Utilisant un échantillon de plus de 750 000 articles publiés dans des revues scientifiques en 2001, l’année retenue, les auteurs proposent d’abord de mesurer la nouveauté scientifique par la présence de deux des revues référencées dans leurs bibliographies, qui n’ont jamais été citées ensemble dans un seul papier depuis 1980.
Ainsi, selon ce critère, seulement 11 % d’articles publiés, qui renvoient dans leurs bibliographies à ces deux revues, sont considérés comme « innovateurs ».
Ensuite, les auteurs de l’étude se concentrent sur les degrés d’innovation : à partir de ce corpus de 11 %, ils distinguent des articles plus ou moins novateurs.
Une fois leur calcul effectué, il reste 1 % d’articles, dans chaque catégorie scientifique, considérés comme « très innovateurs ».
Reinhilde Veugelers, Jian Wang et Paula Stephan comparent ensuite la « réussite » de ces articles au reste de la production scientifique.
Il se trouve que ces papiers « très innovateurs » sont cités en moyenne 14 % plus souvent que les articles « non innovateurs ».
Conséquence de cette gradation du caractère novateur : les articles très innovateurs ont une probabilité plus élevée d’être faiblement cités, mais une probabilité jusqu’à 40 % plus élevée d’être parmi les vedettes, les 1 % plus cités dans leur propre domaine.
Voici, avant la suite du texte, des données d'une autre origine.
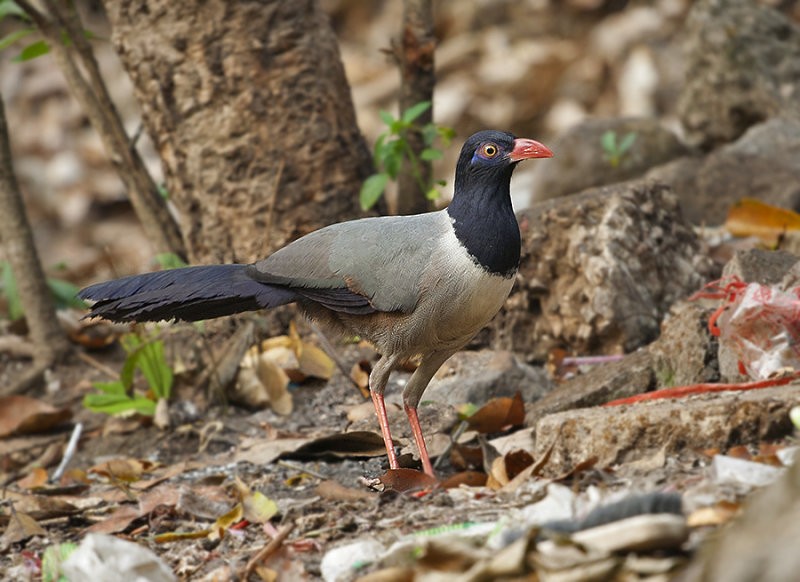 Coral-billed Ground-Cuckoo - ML253204771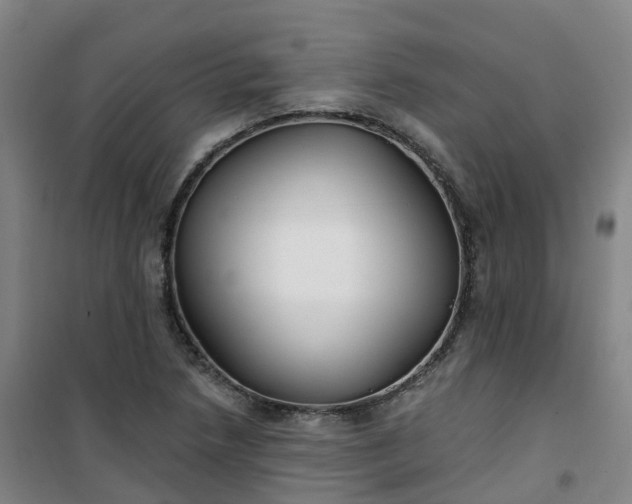 X0000101181218200807111107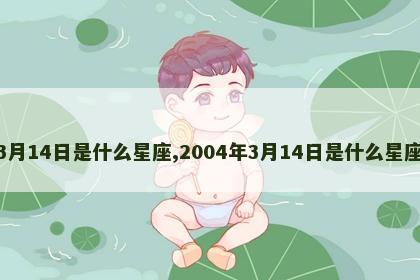 3月14日是什么星座,2004年3月14日是什么星座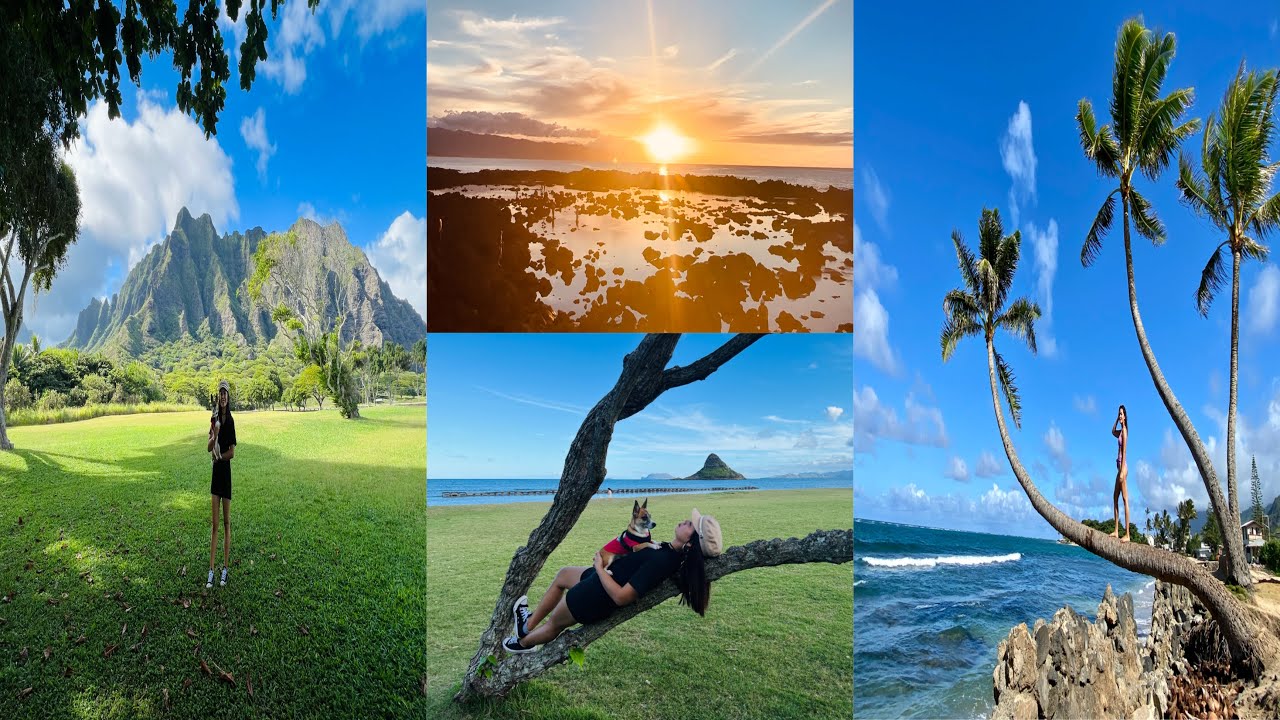 តំបន់ទេសចរណ៍ជនបទនៅ North Shore លើកោះ O’ahu, Hawaii Khmer 🇺🇸 VLOG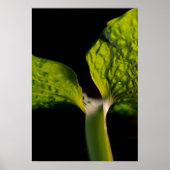 Green Hosta Leaf op zwart Poster (Voorkant)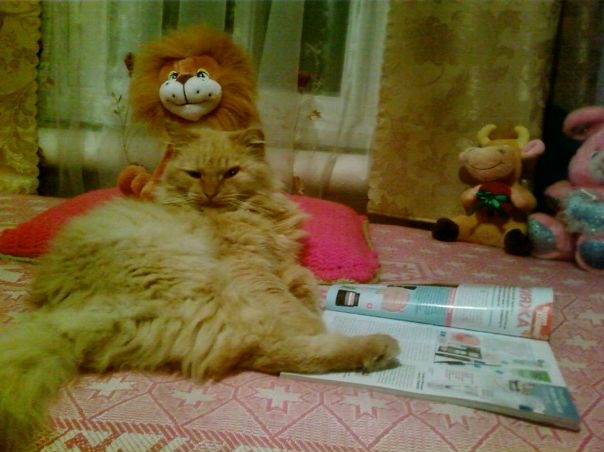 G@l@ Gagieva фото №10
C’est comme si l’on essayait de prédire quelle chanson sur YouTube allait être plébiscitée par les internautes en fonction de la diversité de leurs influences musicales…
Aucune évidence de partialité
Les articles très innovateurs ont aussi une probabilité sensiblement plus élevée d’être cités par d’autres articles vedettes et d’être repris dans plusieurs domaines scientifiques distincts. En somme, les très innovateurs, qui font des liens entre des domaines de recherche jusqu’ici éloignés, ont plus de chances d’être reconnus comme très importants dans leur domaine et d’avoir une influence importante sur le travail d’autres chercheurs.
Jusqu’ici, aucune évidence de partialité contre l’innovation scientifique n’est mise au jour – elle est plus risquée qu’un travail plus quotidien, mais, en moyenne, sa valeur est plus reconnue. Mais, attention, en contrepartie, elle n’est pas appréciée très rapidement : ainsi, les articles très innovateurs sont moins cités que les autres pendant les trois années qui suivent leur parution, et ce n’est qu’à partir de la quatrième année que leurs citations commencent à être plus nombreuses.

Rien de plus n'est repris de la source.